*** Block opens ***

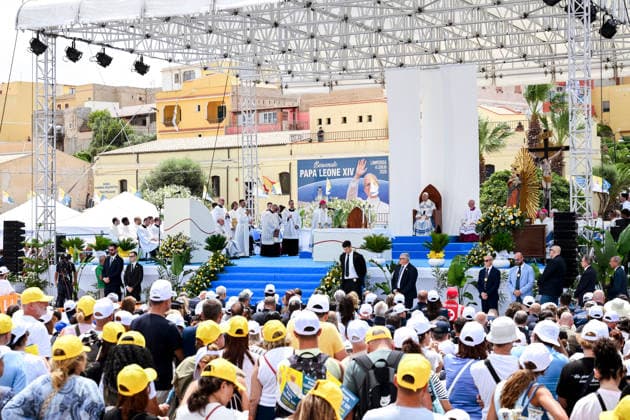 Pope Leo XIV visits the Southern Italian island of Lampedusa LAMPEDUSA, ITALY - JULY 04: People seen attending the homily in Lampedusa, Italy, on July 04, 2026. Pope Leo XIV arrived in Lampedusa to rise attention to the migrant issue and the unique position of the island. During his visit he met with a group of migrants, accompanied by the Red Cross at Favaloro Pier, inaugurating a new plaque with the new name of the Pier dedicated to Pope Francis. Later nearly 4000 people gathered in the sport field to attend the homily celebrated by the Pope. Valeria Ferraro Anadolu Lampedusa Italy. Editorial use only. Please get in touch for any other usage.  Copyright: x2026xAnadoluxValeriaxFerrarox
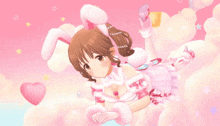 a girl in a bunny costume is laying on a pink cloud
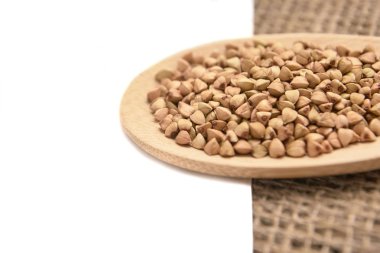 Nötr arka plan. Buğday taneleri. Sağlıklı gıda. Tahta kaşık.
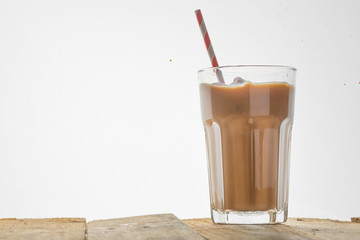Iced coffee on a white background, with copy space. Cool summer drink
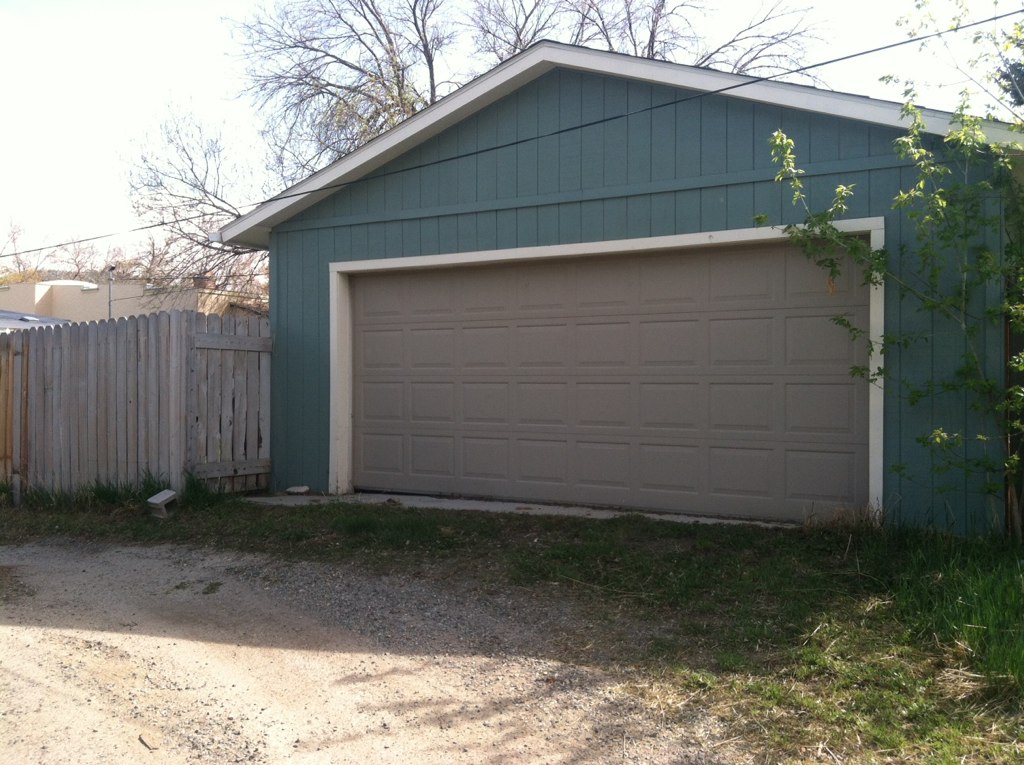 a garage door is opened on a house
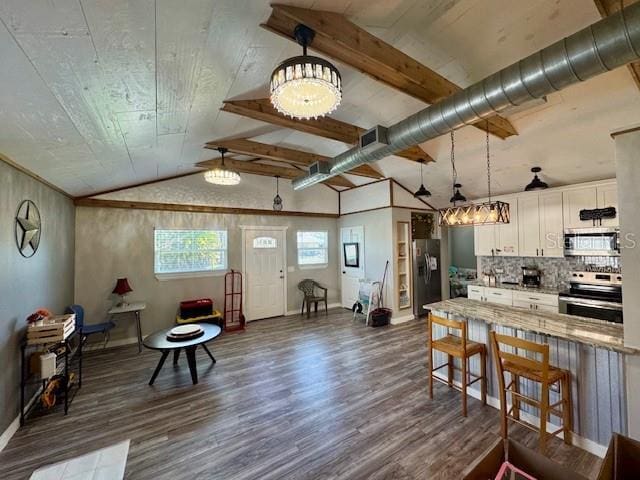 kitchen with dark wood-style floors, stainless steel appliances, white cabinets, vaulted ceiling, and light stone countertops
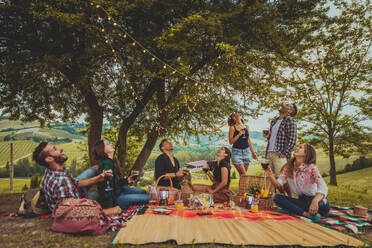 Group of young happy friends having pic-nic outdoors - People having fun and celebrating while grilling ata barbacue party in a countryside - DMDF05664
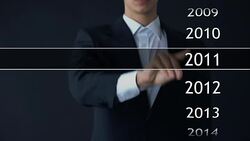 Businessman selects 2015 year in virtual menu, search for data, business history Stock Footage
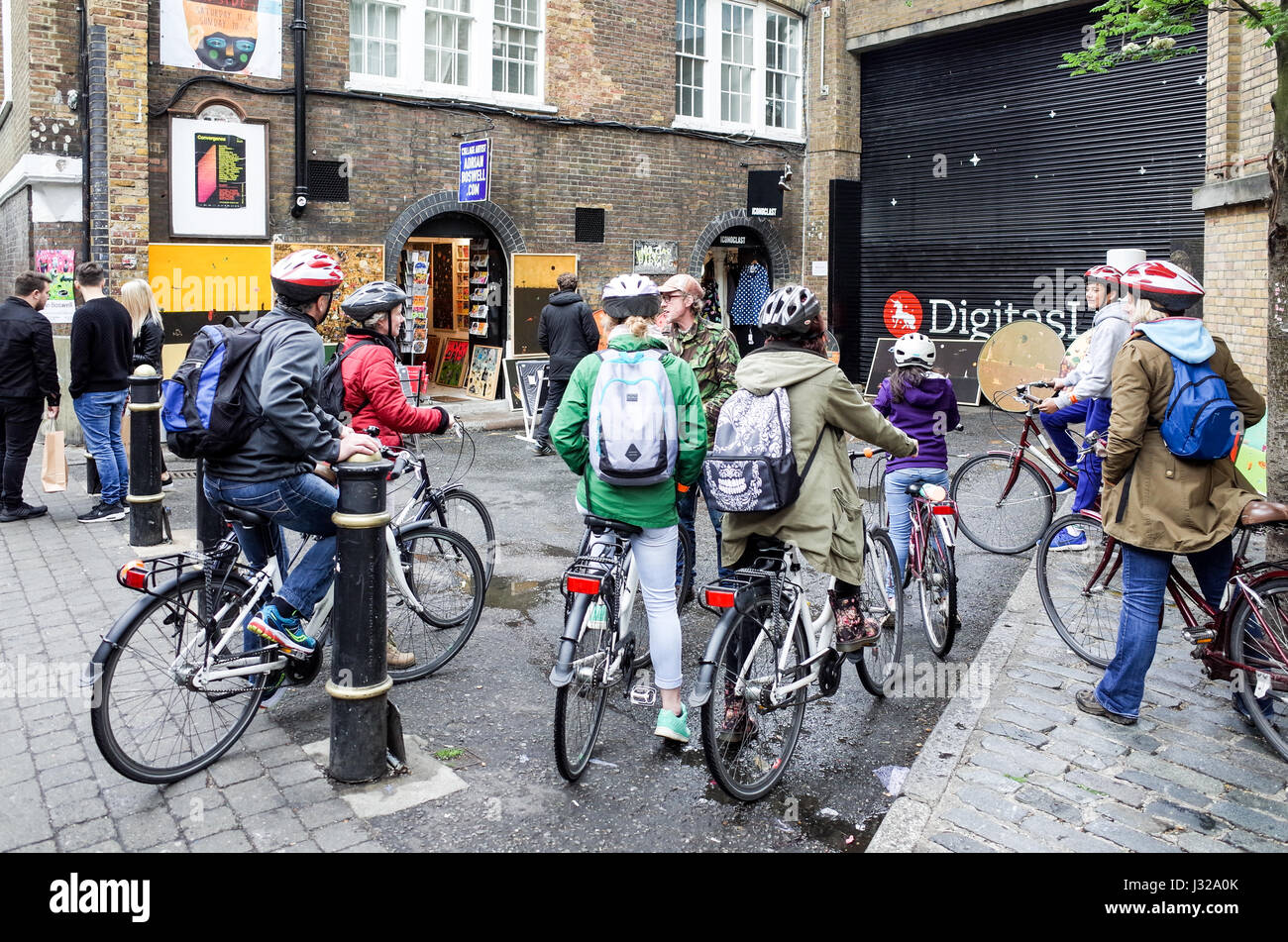 Les touristes sur un tour à vélo de Londres énumérés à leur guide de Londres de Brick Lane, une destination touristique populaire dans l'Est de Londres. Banque D'Images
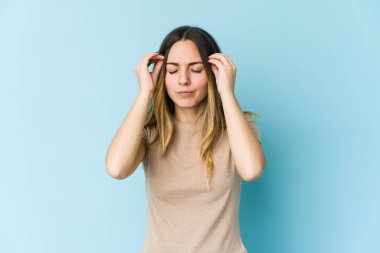 Mavi arka planda izole edilmiş genç beyaz kadın şakaklara dokunuyor ve baş ağrısı çekiyor..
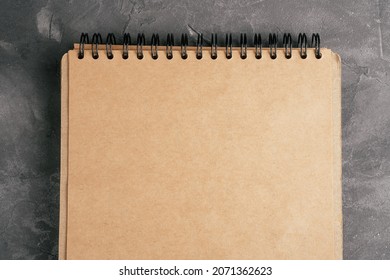 Opened Brown Kraft Paper Notebook On Spring On Gray Concrete Surface. Top View. Copy Space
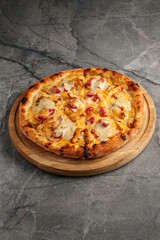 Freshly baked pizza with golden crust, melted cheese, and assorted toppings. Hot and delicious Italian dish served straight from the oven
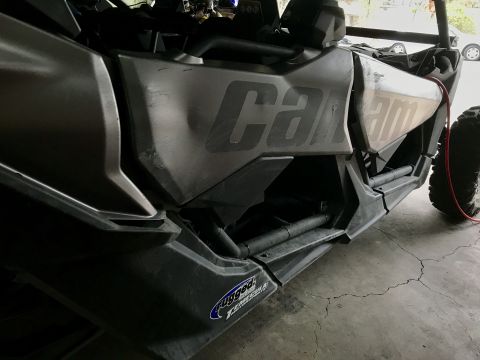 1988 Ford Bronco - This UTV has 'Can-Am' branding visible on its side panel, and a ' Terrain' sticker near the bottom.
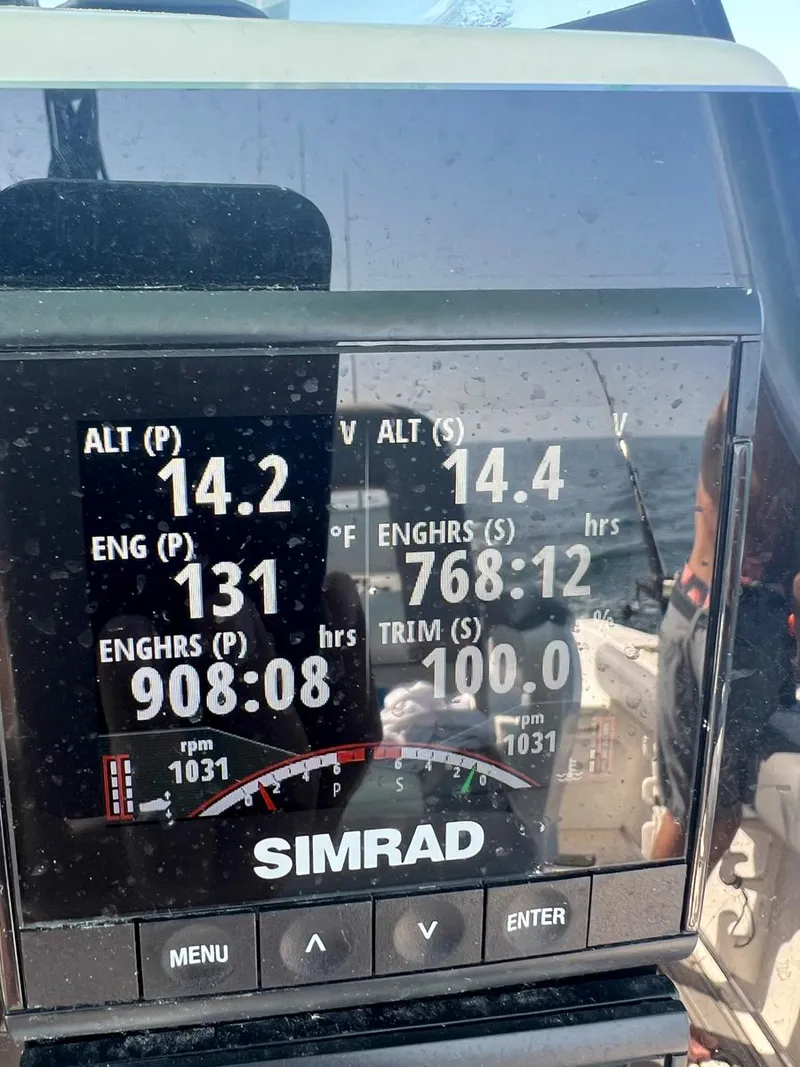 Slide: The Image of Simrad display on 2015 Sea Fox 286 Commander showing engine hours and RPM. - 17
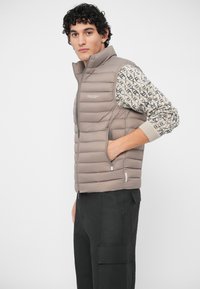 Mladić u bež prsluku s punjenjem, preko patternirane košulje dugih rukava, u crnim cargo hlačama, stoji s jednom rukom u džepu prsluka.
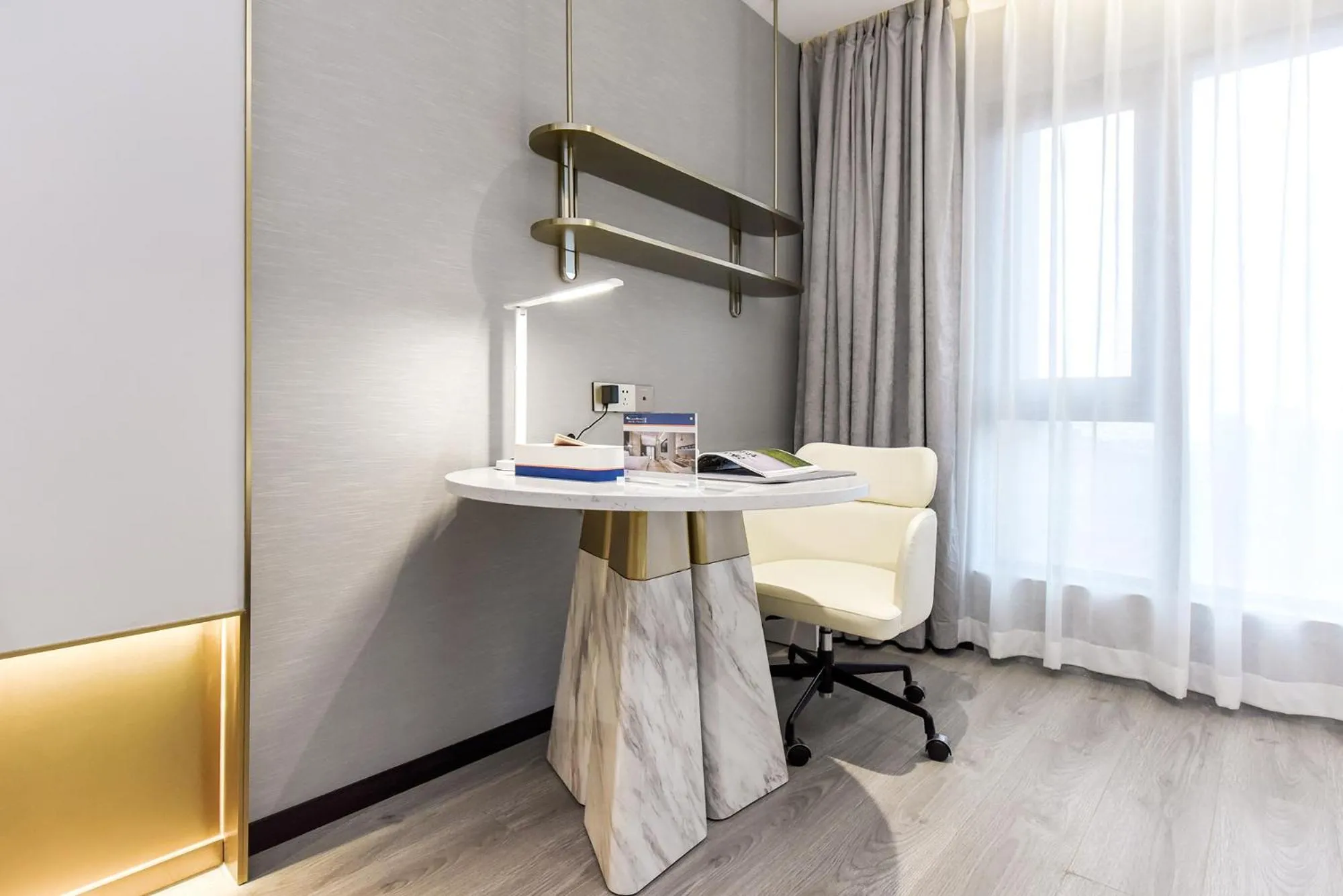 Seating area in Kuanrong Suites Hotel Liangjiang love sea shopping park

*** Block closes ***

## What to do
Retype the entire listing exactly as it appears, dropping only the pictures.

## Response
 Pope Leo XIV visits the Southern Italian island of Lampedusa LAMPEDUSA, ITALY - JULY 04: People seen attending the homily in Lampedusa, Italy, on July 04, 2026. Pope Leo XIV arrived in Lampedusa to rise attention to the migrant issue and the unique position of the island. During his visit he met with a group of migrants, accompanied by the Red Cross at Favaloro Pier, inaugurating a new plaque with the new name of the Pier dedicated to Pope Francis. Later nearly 4000 people gathered in the sport field to attend the homily celebrated by the Pope. Valeria Ferraro Anadolu Lampedusa Italy. Editorial use only. Please get in touch for any other usage.  Copyright: x2026xAnadoluxValeriaxFerrarox
 a girl in a bunny costume is laying on a pink cloud
 Nötr arka plan. Buğday taneleri. Sağlıklı gıda. Tahta kaşık.
Iced coffee on a white background, with copy space. Cool summer drink
 a garage door is opened on a house
 kitchen with dark wood-style floors, stainless steel appliances, white cabinets, vaulted ceiling, and light stone countertops
 Group of young happy friends having pic-nic outdoors - People having fun and celebrating while grilling ata barbacue party in a countryside - DMDF05664
 Businessman selects 2015 year in virtual menu, search for data, business history Stock Footage
 Les touristes sur un tour à vélo de Londres énumérés à leur guide de Londres de Brick Lane, une destination touristique populaire dans l'Est de Londres. Banque D'Images
 Mavi arka planda izole edilmiş genç beyaz kadın şakaklara dokunuyor ve baş ağrısı çekiyor..
 Opened Brown Kraft Paper Notebook On Spring On Gray Concrete Surface. Top View. Copy Space
 Freshly baked pizza with golden crust, melted cheese, and assorted toppings. Hot and delicious Italian dish served straight from the oven
 1988 Ford Bronco - This UTV has 'Can-Am' branding visible on its side panel, and a ' Terrain' sticker near the bottom.
 Slide: The Image of Simrad display on 2015 Sea Fox 286 Commander showing engine hours and RPM. - 17
 Mladić u bež prsluku s punjenjem, preko patternirane košulje dugih rukava, u crnim cargo hlačama, stoji s jednom rukom u džepu prsluka.
 Seating area in Kuanrong Suites Hotel Liangjiang love sea shopping park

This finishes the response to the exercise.